→ Image-text web data
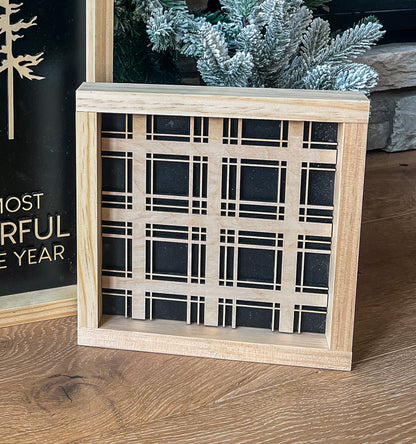 Plaid Holiday Sign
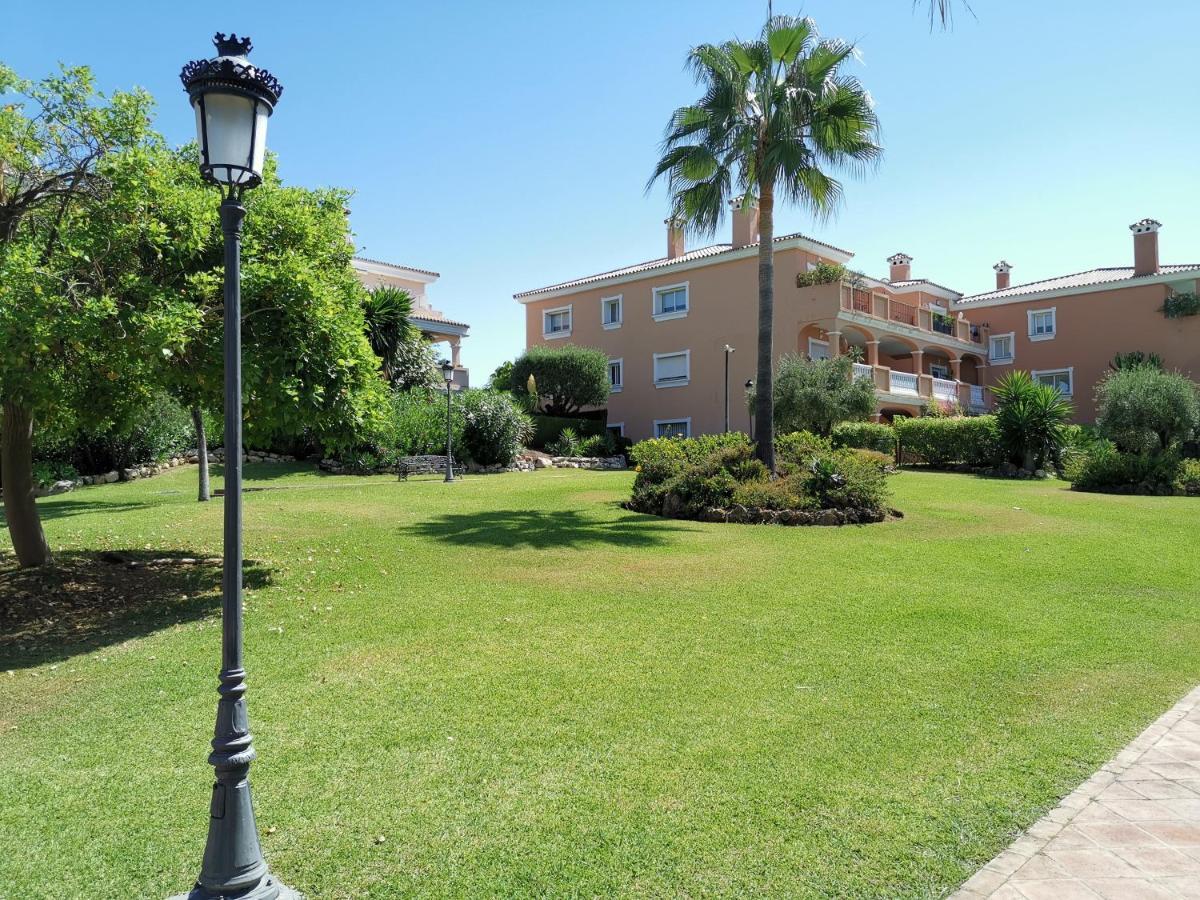 Apartamento Entre Marbella Y Estepona Exteriör bild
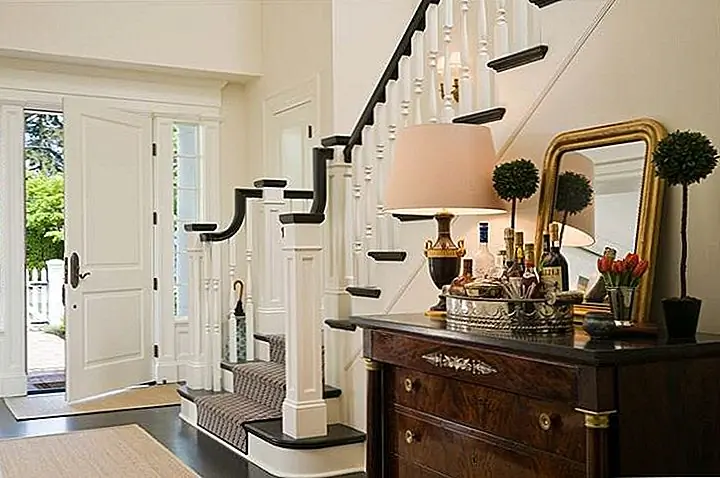 Когда нет места для шкафа или даже для маленькой корзины для бара, вы можете просто выбрать поднос. Используйте его, чтобы собрать коллекцию прекрасных бутылок и отобразить их на боковом столе или в столовой, где бы вы ни находились.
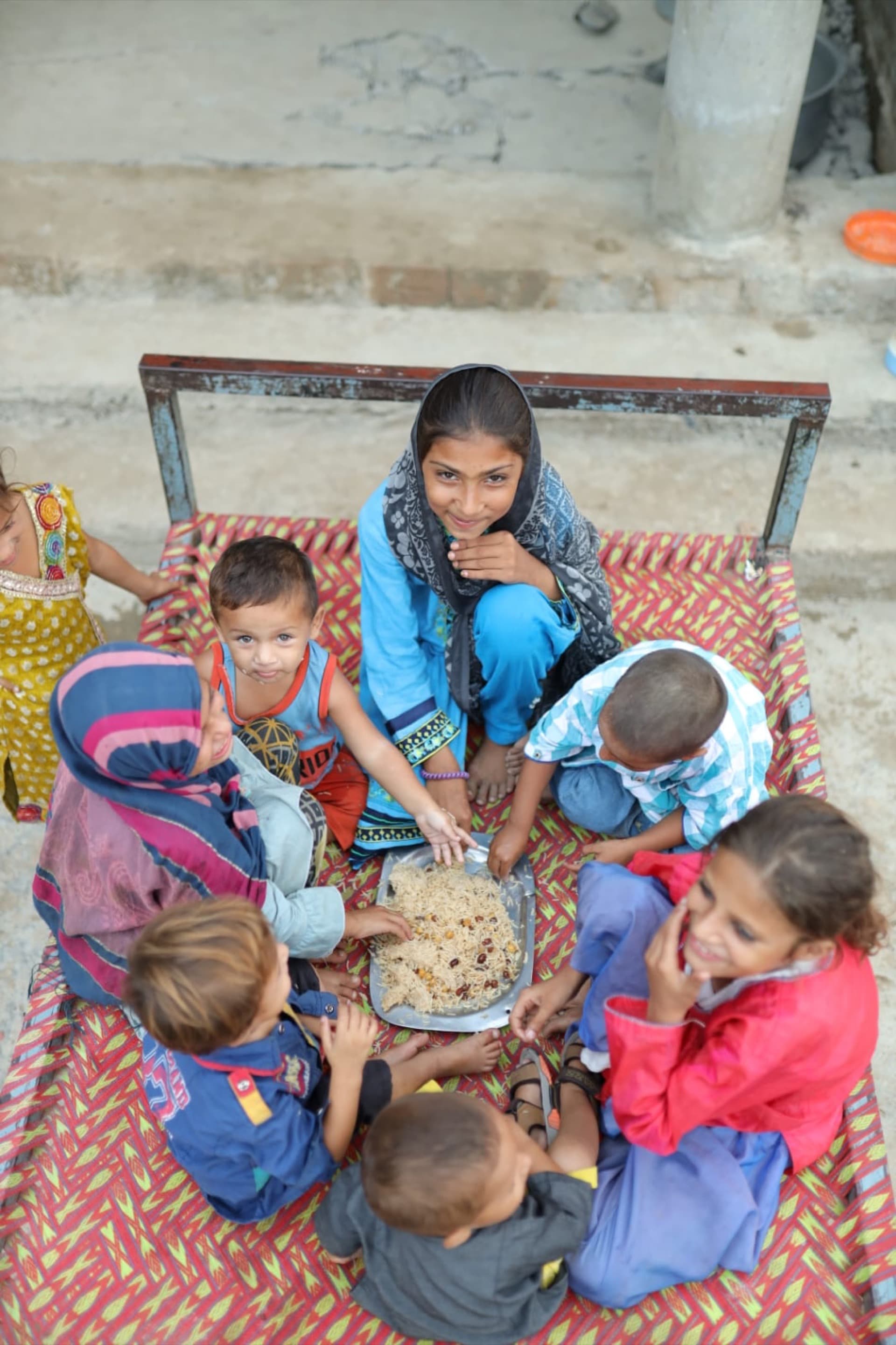 AKF Pakistan floods relief - community support and aid delivery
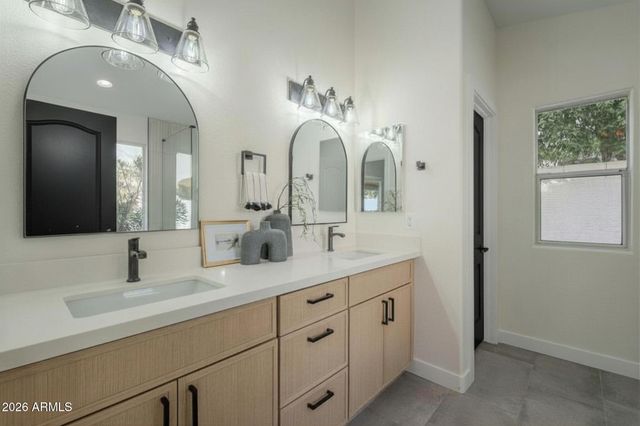 1436 E CHARLESTON Avenue, Phoenix, AZ 85022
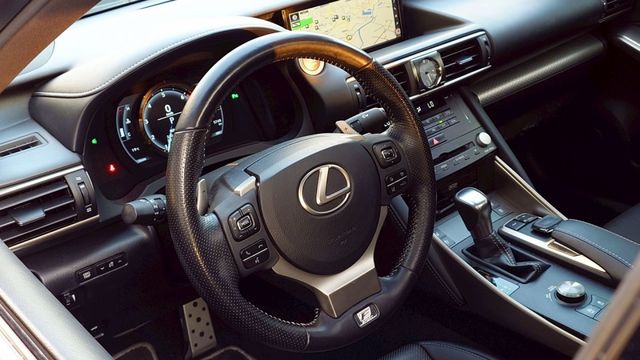 IS300 F Navi 天窗 車道偏離警示系統   車道變換輔助系統   ACC主動跟車系統   AEB自動緊急煞車系  第4張相片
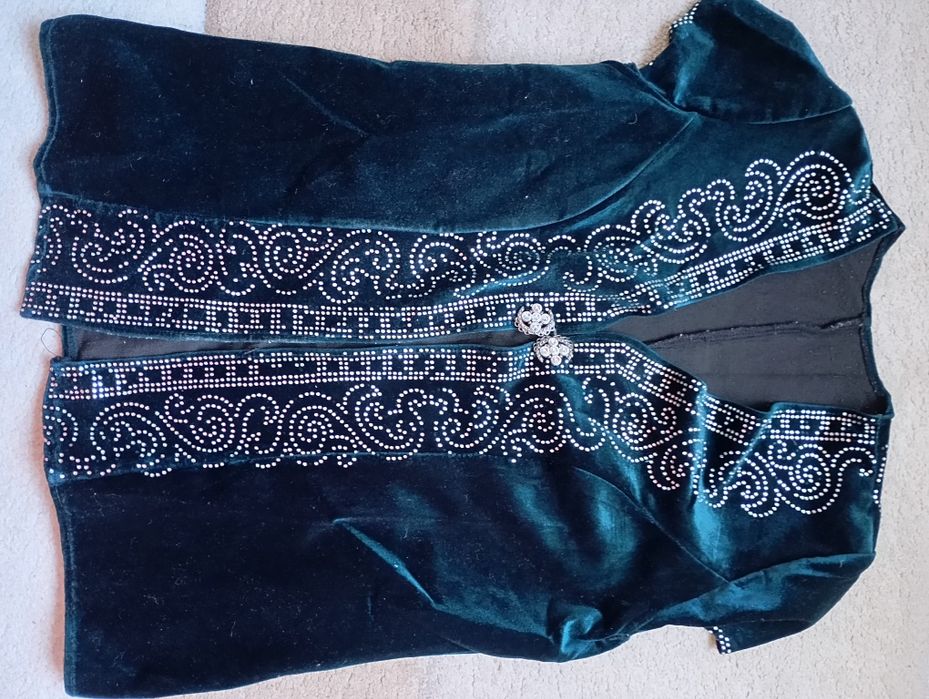 Продам   жилетки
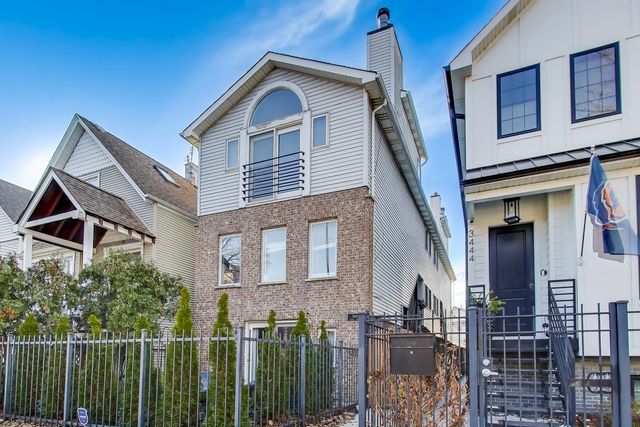 3442 N DAMEN Avenue 3, Chicago, IL 60618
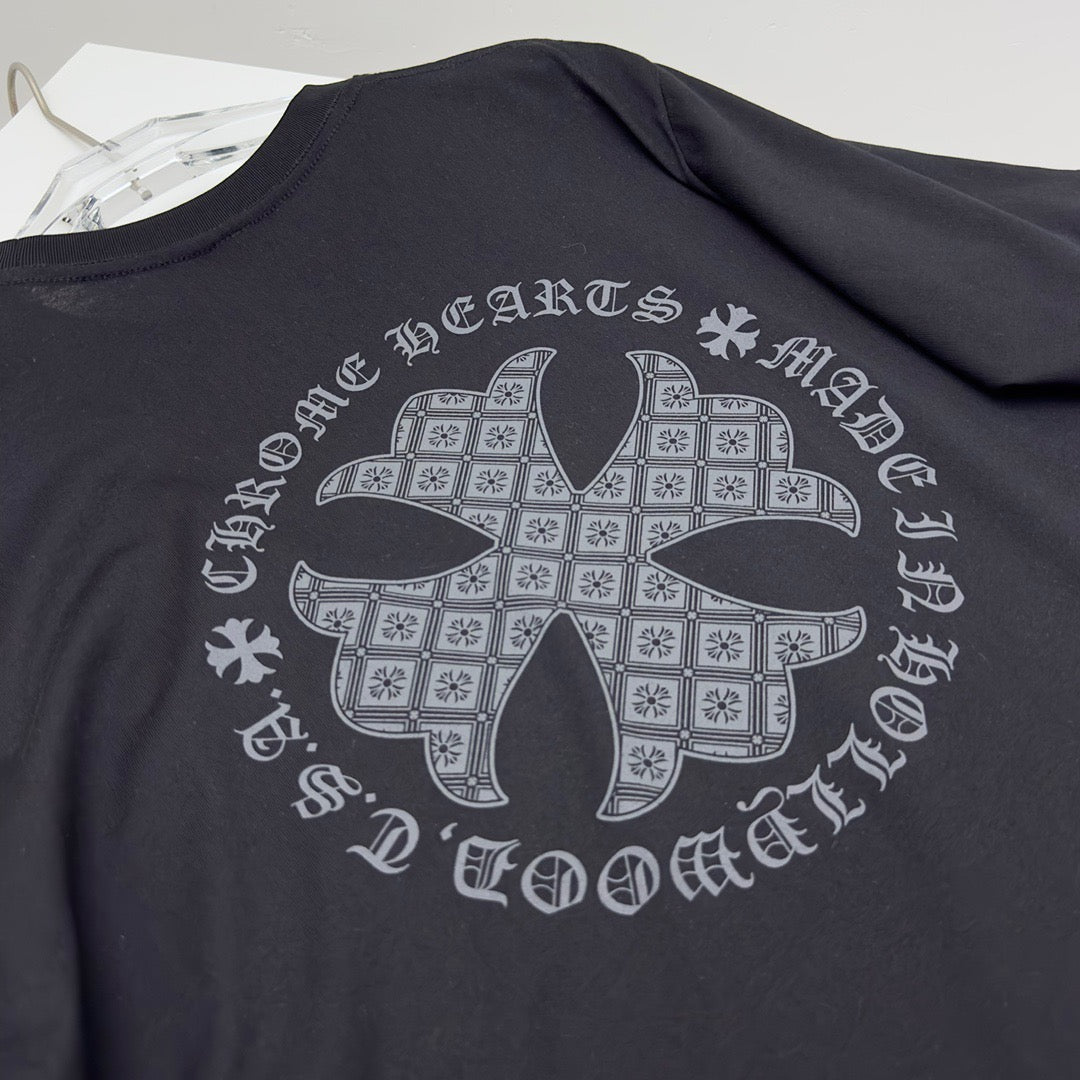 Schwarzes T-Shirt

→ EXERCISE DESCRIPTION
Retype only the lines from the line with "Apartamento Entre Marbella" through the last line of the data. Keep both ends and skip the pictures.

→ ANSWER SECTION
 Apartamento Entre Marbella Y Estepona Exteriör bild
 Когда нет места для шкафа или даже для маленькой корзины для бара, вы можете просто выбрать поднос. Используйте его, чтобы собрать коллекцию прекрасных бутылок и отобразить их на боковом столе или в столовой, где бы вы ни находились.
 AKF Pakistan floods relief - community support and aid delivery
 1436 E CHARLESTON Avenue, Phoenix, AZ 85022
 IS300 F Navi 天窗 車道偏離警示系統   車道變換輔助系統   ACC主動跟車系統   AEB自動緊急煞車系  第4張相片
 Продам   жилетки
 3442 N DAMEN Avenue 3, Chicago, IL 60618
 Schwarzes T-Shirt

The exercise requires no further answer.